[Exercise prompt]
Restate the data below word for word, omitting pictures.

[Data extract]

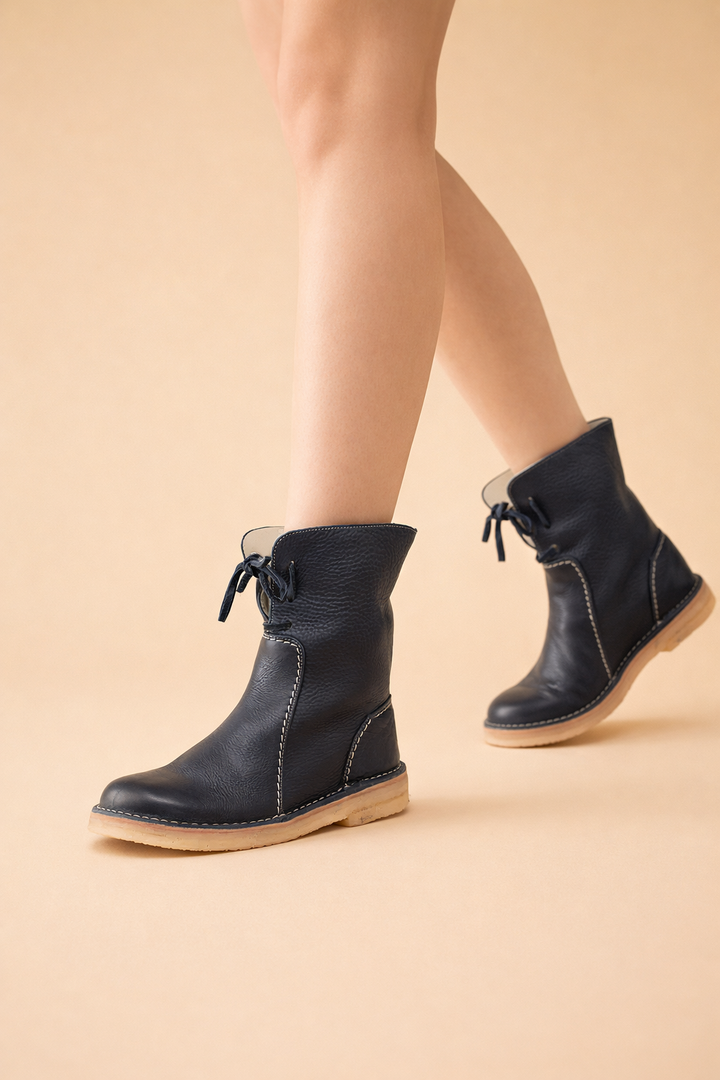 Chic women's short snow boots, providing warmth & style for winter fashion, casual outings.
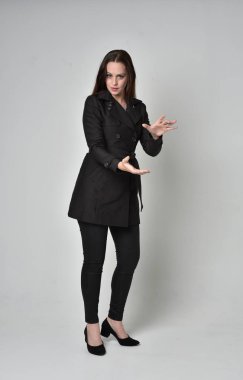 uzun, siyah ceket, gri studio arka plan üzerinde ayakta poz giyen bir esmer kız portresi tam uzunlukta.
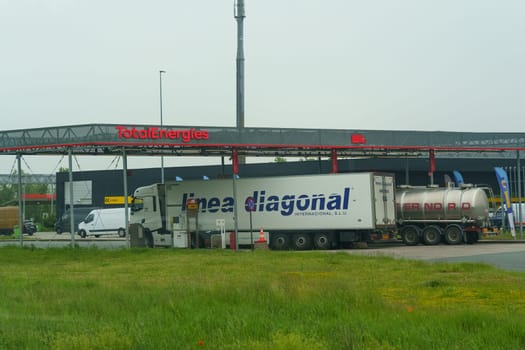 Waregem, Belgium - May 22, 2023: A commercial truck parked in front of a gas station, with a fuel pump nearby and signage for services offered.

[Output]
 Chic women's short snow boots, providing warmth & style for winter fashion, casual outings.
 uzun, siyah ceket, gri studio arka plan üzerinde ayakta poz giyen bir esmer kız portresi tam uzunlukta.
 Waregem, Belgium - May 22, 2023: A commercial truck parked in front of a gas station, with a fuel pump nearby and signage for services offered.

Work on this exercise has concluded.